Leah Ward Sears (born June 13, 1955) is an American jurist and former Chief Justice of the Supreme Court of Georgia. Sears was the first African-American female Chief Justice in the United States. When she was first appointed as justice in 1992 by Governor Zell Miller, she became the first woman and youngest person to sit on the Georgia's Supreme Court.

Early life and education[edit]

Leah Ward Sears was born in Heidelberg, Germany to United States Army Colonel Thomas E. Sears and Onnye Jean Sears.
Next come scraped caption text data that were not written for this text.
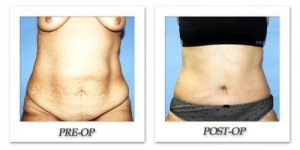 phoca_thumb_l_dr-begovic-tummy-tuck-before-after-002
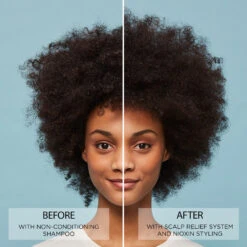 Nioxin Scalp Relief - 1Pièce -Magasin De Soins De Maquillage De Mode C2193029 S3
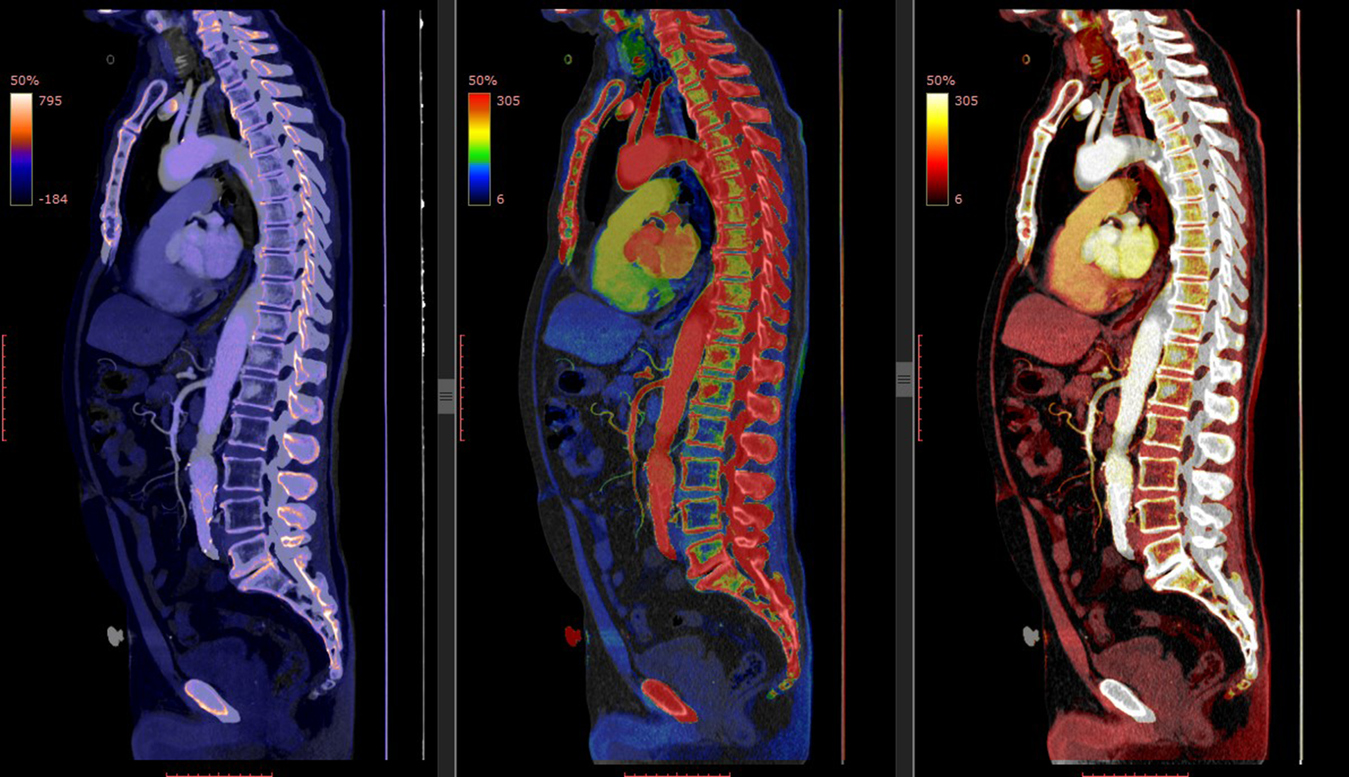 The image shows different scans of a person's abdomen with the spine visible. It serves to show the benefits of discectomy surgery.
The family eventually settled in Savannah, Georgia, where she attended and graduated from Savannah High School.

Sears received a B.S. from Cornell University in 1976, her Juris Doctor from Emory University School of Law in 1980, and a Master of Laws from the University of Virginia School of Law in 1995. At Cornell, Sears was a member of Alpha Kappa Alpha sorority[1] and the Quill and Dagger society. She holds honorary degrees from Morehouse College, Clark-Atlanta University, LaGrange College, Piedmont College, and Spelman College.

Professional career[edit]

After graduating from law school, Sears was an attorney from 1980 until 1985 with the Atlanta law firm Alston & Bird. For many years she was also an adjunct Professor of Law at Emory University School of Law.

Judicial career[edit]

Sears was appointed by Mayor Andrew Young to the City of Atlanta Traffic Court in 1985. She then became a Superior Court judge in 1988, becoming the first African-American woman to hold that position in the state.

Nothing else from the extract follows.